Teachers ‘scared’ to teach lessons on 9/11
SCHOOLS are scared to teach children about the 9/11 attacks because they fear a backlash from Muslim parents, an expert in counter-extremism claims.
Kamal Hanif, who was appointed by the Government to turn around three schools at the heart of the “Trojan Horse” scandal, said that some teachers had a “misplaced” concern that they will cause offence if they raise the subject of 9/11 in the classroom.
He said particularly those who work in schools with a high proportion of Muslim students see it as a contentious topic and shy away from discussing it.
“Teachers sometimes have a fear that … if we teach about this we might get Muslim parents objecting.”
Mr Hanif, executive principal of Waverley Education Foundation, advised the Department for Education (DfE) on combating counter-extremism in schools.
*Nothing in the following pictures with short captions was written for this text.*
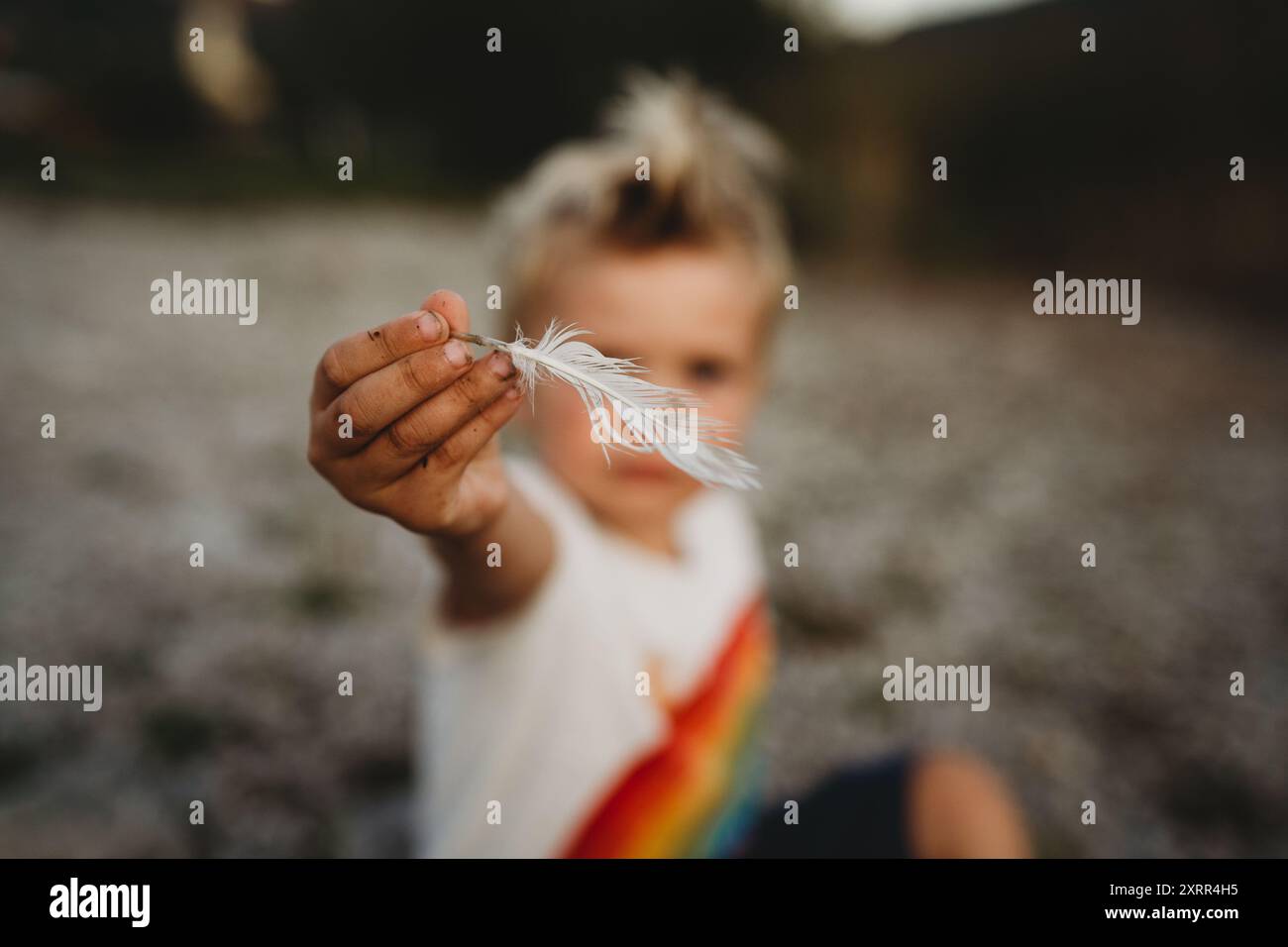 Kleines Kind mit weißer Vogelfeder mit schmutzigen Händen Stockfoto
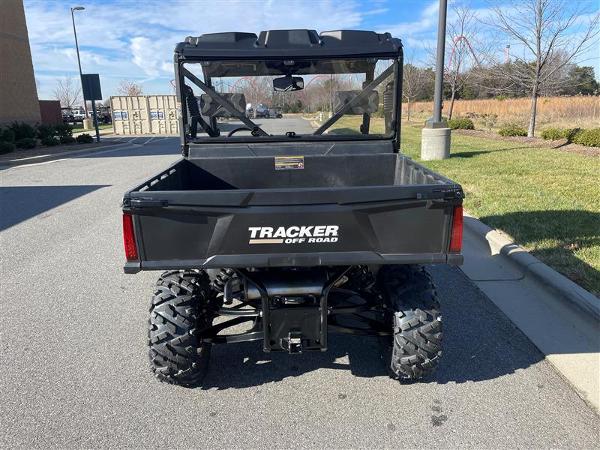 2024 Tracker Off Road 800SX LE Camo utility vehicle, rear view, parked outdoors.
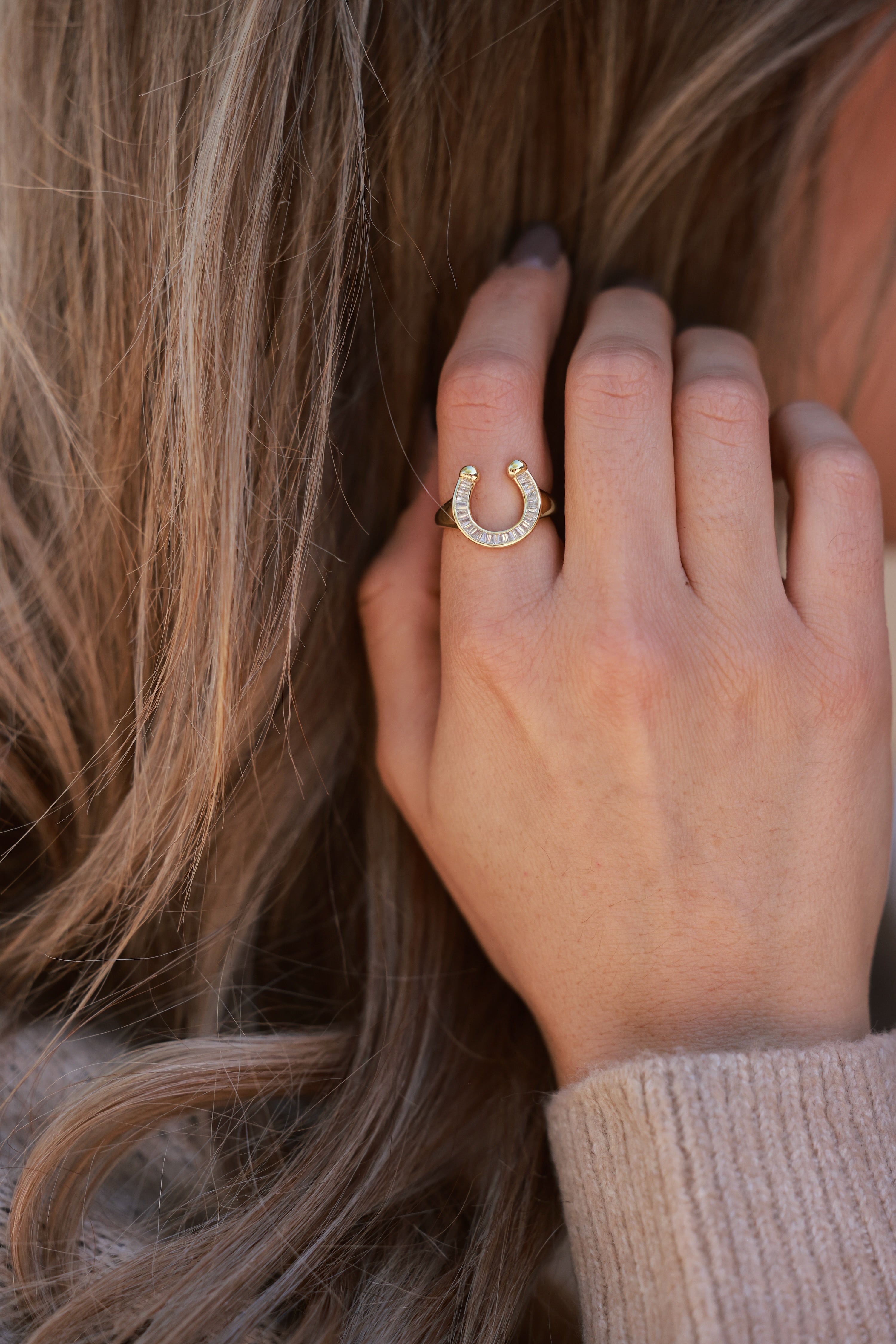 Elegant 18k gold-plated stainless steel horseshoe signet ring with sparkling CZ details. Water- and tarnish-resistant, hypoallergenic equestrian jewelry — a modern, playful twist on the classic horseshoe symbol.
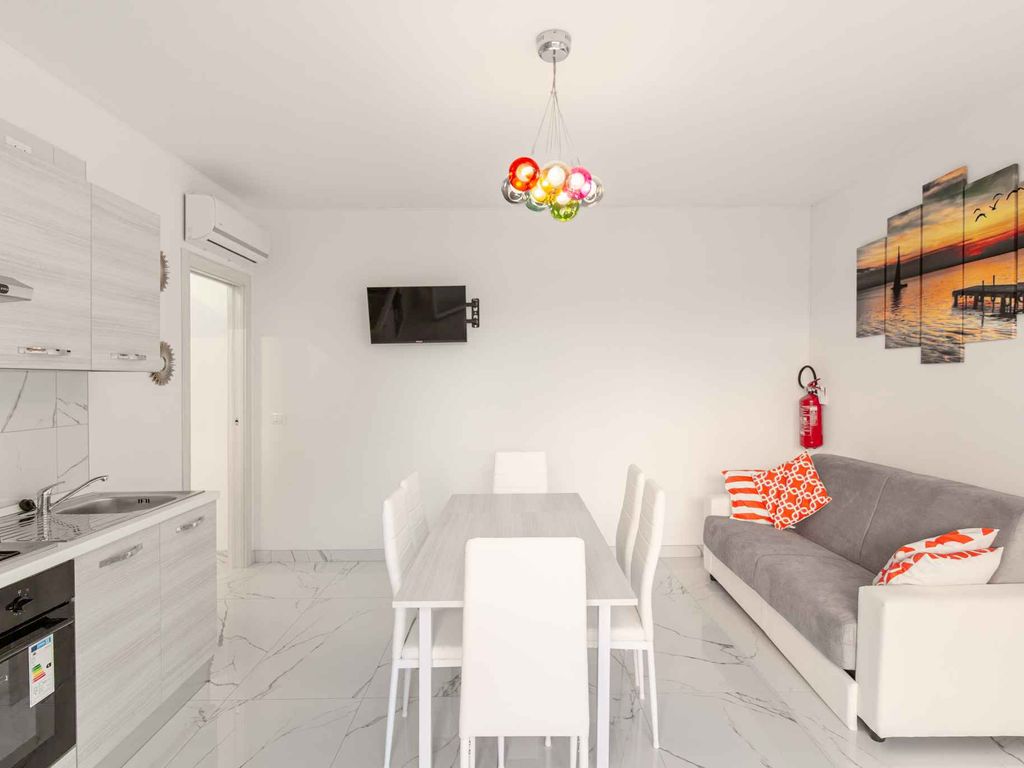 Ferienwohnung mit Klimaanlage, Gemeinschaftsgarten und Pool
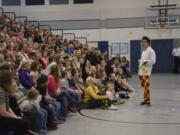 Washougal: Seattle prop comic, Alex Zerbe entertains kids at Gause Elementary.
He said their fears had no basis. “It is based on their stereotypical view of a community as opposed to the reality. It is very misplaced.”
Mr Hanif is a trustee for the educational charity Since 9/11, which provides free teaching resources about the attacks and their aftermath. The resources are for secondary schoolchildren, but the charity is developing a material for primary schools.
Sir Steve Lancashire, chief executive of a multi academy trust which is piloting the materials in its 55 primary schools, said teachers do feel “uncomfortable” about the legacy of 9/11. “We need to address the nervousness of teachers to teach this kind of subject,” he said. “Teachers don’t feel well equipped on facts – there are a lot of conspiracy theories; a lot of misinformation”.
Lord Nash, the schools minister, said teaching 9/11 and its aftermath at school was crucial to prevent children being groomed by extremists. “Our job is to ensure that our children are educated in school so that they are less likely to be radicalised outside of school,” he said.
He said that while some teachers are keen to have an “open discussion” about it, others “don’t want to go there”.
He said: “I can understand why it is not easy but we do need to go there.”
Peter Rosengard, the founder of Since 9/11, said an “overwhelming majority” of teachers were interested in teaching it to their students.